As a supplement to its story, “Uber: The uncomfortable view from the driving seat,” FT created “The Uber Game.” In this game, you try to make ends meet by driving for Uber. The game claims to be “based on real reporting, including interviews with dozens of Uber drivers,” and is intended to show what life is like for Uber drivers under pressure to work as much as possible.

If it’s a game, then we’re going to give it the game treatment. Here’s what we thought of The Uber Game.

Story

In the game, you play Uber Driver, a luckless human being who has kids to feed and a $1,000 mortgage payment coming up in a week — so you’re hitting the streets hoping to make enough money in fares to keep yourself in the green.

You have the option to play on “Easier,” and “Harder” difficulties.
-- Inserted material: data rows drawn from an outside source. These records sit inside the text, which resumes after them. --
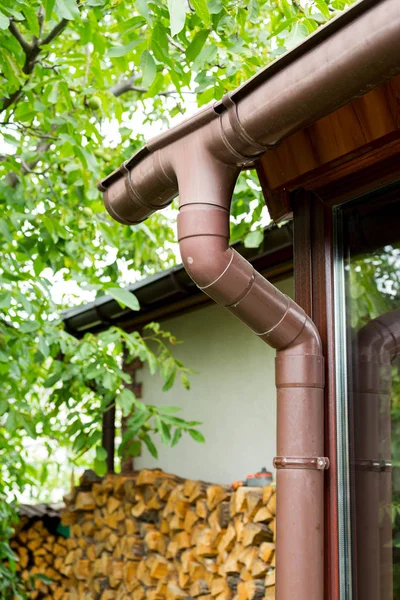 Rynny plastikowe dla odprowadzanie wody deszczowej na rogu budynku — Zdjęcie stockowe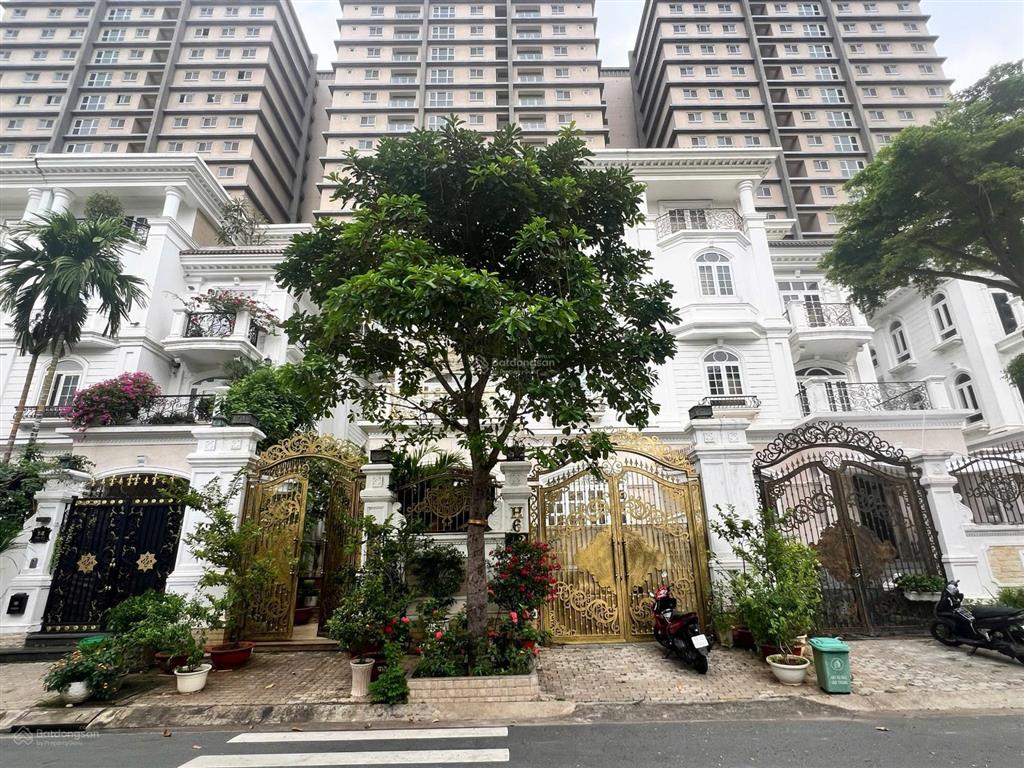 Bán nhanh biệt thự song lập kdc cityland chỉ 49,9 tỷ không có căn thứ 2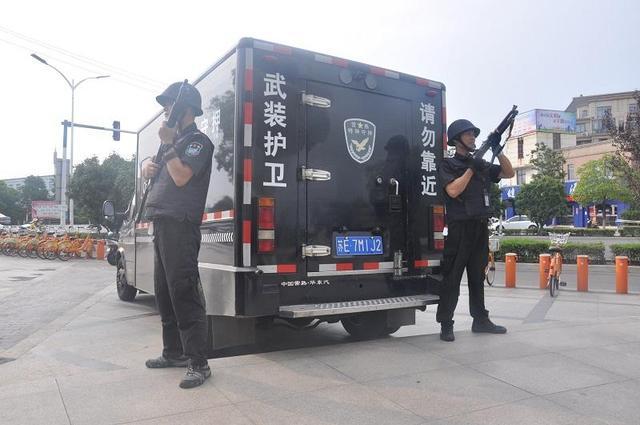 群众不小心靠近了运钞车就要遭押运员大声呵斥合理吗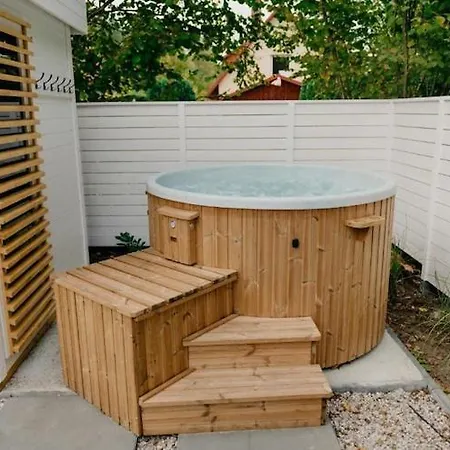 Large Home, Sauna, Jacuzzi 度假居 科帕利诺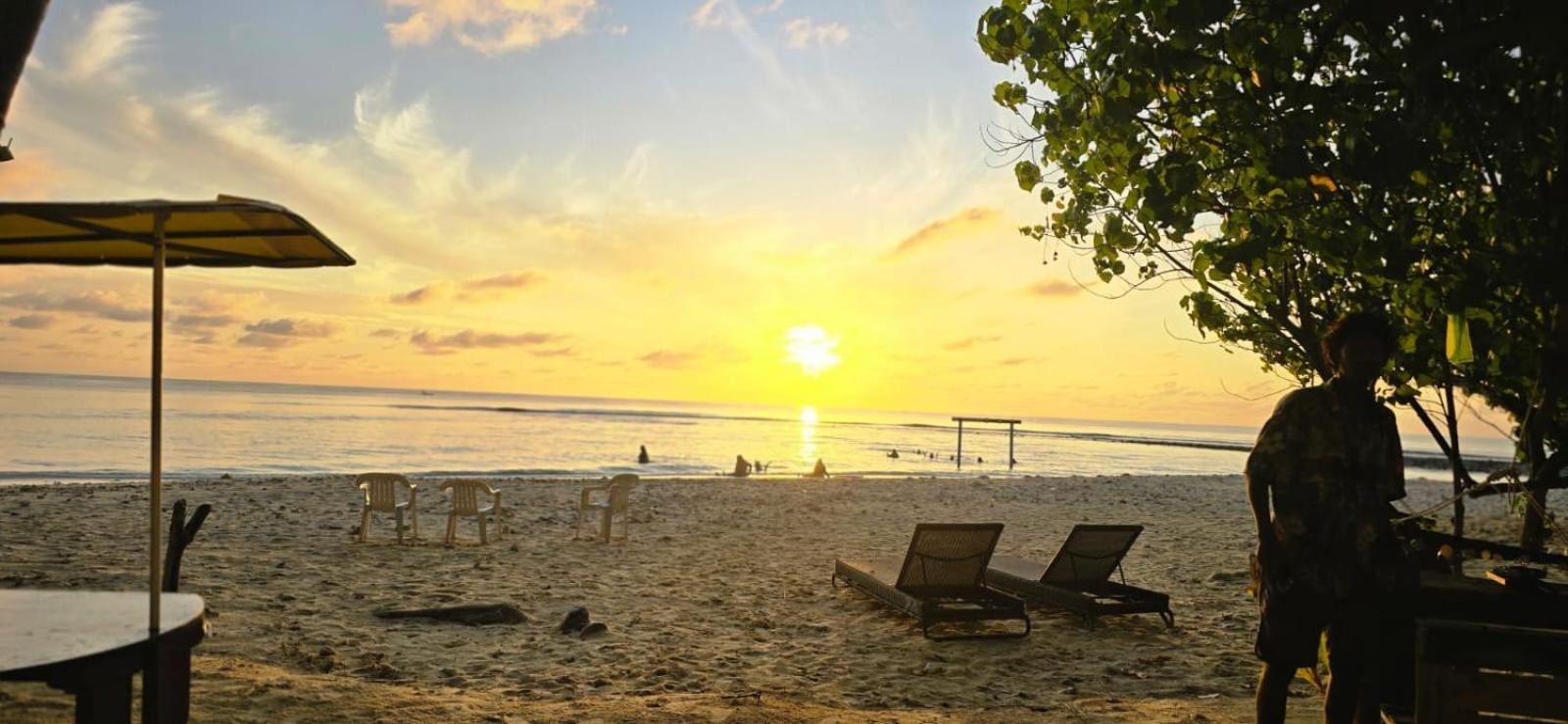 Liberty Guesthouse Maldives Mahibadhoo Екстериор снимка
In the former scenario, you have good credit and can afford to live in San Francisco (though presumably still with the $1,000 mortgage payment), while in the latter you have bad credit and must live in Sacramento.

From there, you must choose the right options to maximize your earnings, from choosing to buy a car charger and a data plan to working longer hours to hit bonus quests for extra cash.

At the end of the game, your profits are measured against your costs, and presumably if you hit that $1,000 profit you can make your mortgage payment. I say “presumably” because I played the game through several times and never actually made the right amount. I’m going to assume, given the content of the article this game is part of, that this is the intention: to show the crushing stress and ultimate nihilism that faces the professional Uber driver.

Heady stuff, but it’s still pretty frustrating on the level of basic gratification.

Gameplay

The game is a text-based adventure, closer to a visual novel than an actual game. You don’t get to actually do the driving, which is disappointing — I was kind of hoping I’d get to zoom across the city, Crazy Taxi-style in order to get as many customers as possible. But I suppose the thankless plodding from point A to point B is as immersive a simulation of an Uber driver’s life as any.

Despite an in-game tutorial showing you how to make nice with your customer, you only interact with your customers a few times. For the most part, a counter at the end of the day ticks up, showing you how many fares you picked up and how much you earned. Those are set, too, meaning you can’t get a lucky day and drive twenty customers unless the game has such an event scripted for that day.

Trying to balance resources, a staple of time management games, is difficult, as you must weigh whether paying out of pocket for vehicle repairs or a phone mount is worth not getting dinged by picky customers. If the intention was to make me resent those fickle people I have chauffeur around, then it has succeeded.

Graphics

The cartoon art style serves its purpose of making the game look more cheerful than the subject matter actually permits. It’s not really my cup of tea — a little too pop art for my tastes. But it gets the job done.

It does seem a little odd to me that this iteration of San Francisco is only a few blocks across. There’s stylized, and then there’s condensed-to-the-point-of-a-singularity.

Overall, for a free game created specifically to send a message about the life of an Uber driver, I’d say it’s pretty good. 7/10, and go play it when you have a few minutes. Maybe you’ll make the money where I failed so many times. Maybe you’ll be awakened to the struggle of Uber’s drivers. At the very least, you’ll only have wasted a few minutes.